Earlier this year, the Indian government approved a $1.3bn insurance scheme for its farmers, protecting them against crop failures as a way to help put a stop to a spate of suicides. Two hard and devastating successive years of drought have battered the country’s already struggling rural heartland, with farmer suicides in rural areas regularly making news. Since 1995, more than 300,000 farmers have killed themselves. Now, thankfully, more help is on its way through eKutir Global, a pioneer in creating sustainable, tech-driven, social Impact solutions for India’s smallholder farmers. eKutir is the country’s first brand to be certified as a B Corp, using business as a force to generate positive social and environmental impact.

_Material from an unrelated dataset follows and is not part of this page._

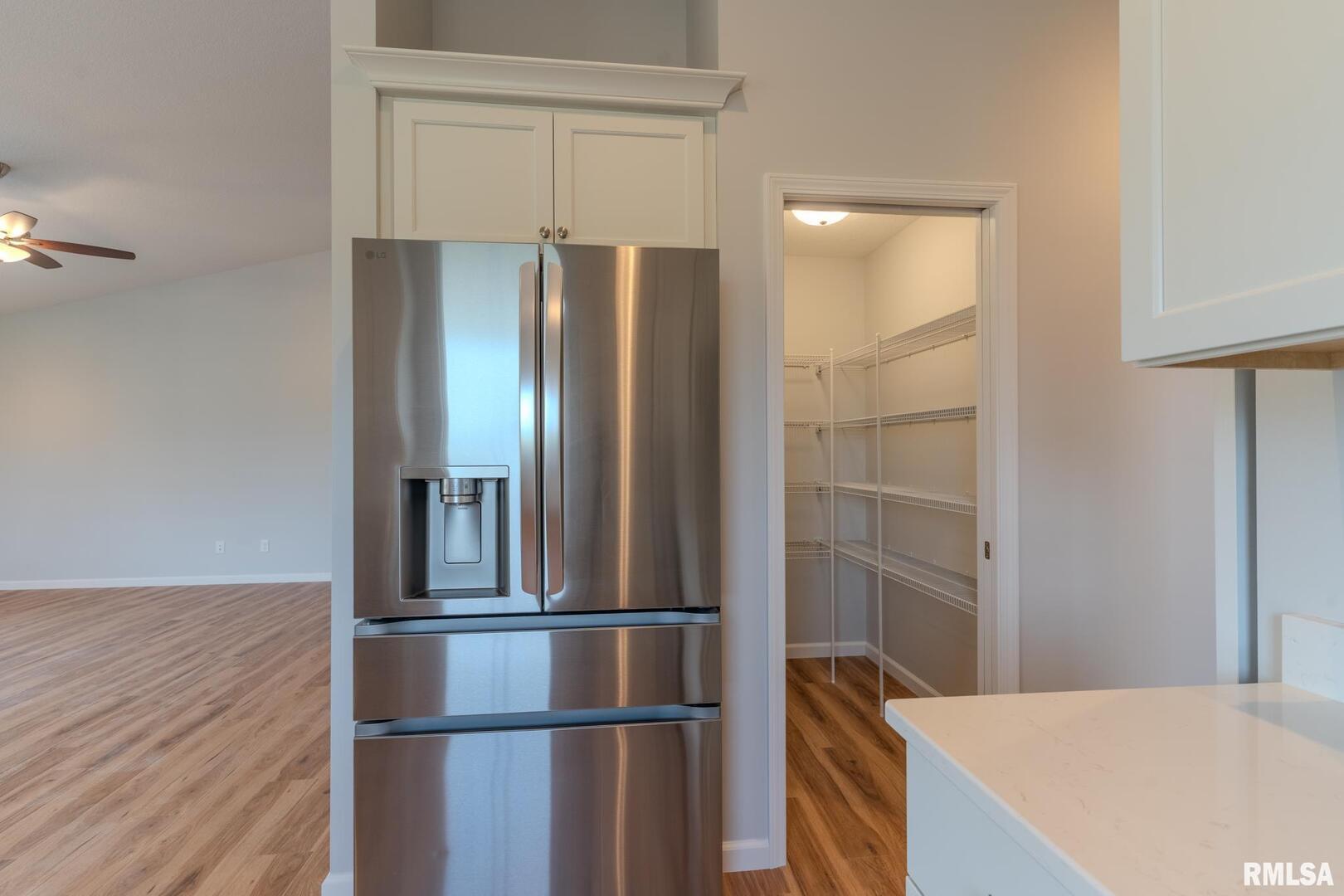 941 9th Avenue North Clinton, IA 52732 - Photo 5 of 24 a kitchen with kitchen island a counter top space and refrigerator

eKutir Global is a part of eKutir India Social Enterprise Group, a finalist in the MIT Inclusive Innovation Competition (IIC) under the ‘new models’ category. As a first-of-its-kind human-digital platform, it has reached 70,000 farmers through a network of licensed community agents, capturing data to recommend the best solutions for smallholder farmers throughout their production cycle by connecting them to tools, finance and buyers. eKutir Global is a public benefit corporation based in the US, founded by Ashoka fellows, a MIT Sloan alum, a young social entrepreneur and a tech innovator.
This MIT Competition, falls under the ‘Initiative on the Digital Economy’ (IDE), which explores how people and businesses can work, interact, and prosper in an era of profound digital transformation. Working alone and with public and private sector partners, the IDE supports and conducts groundbreaking research in the areas of productivity and employment, big data, new digital business models, and social analytics, finding the next generation of amazing innovators lifting the economic prospects in the Second Machine Age.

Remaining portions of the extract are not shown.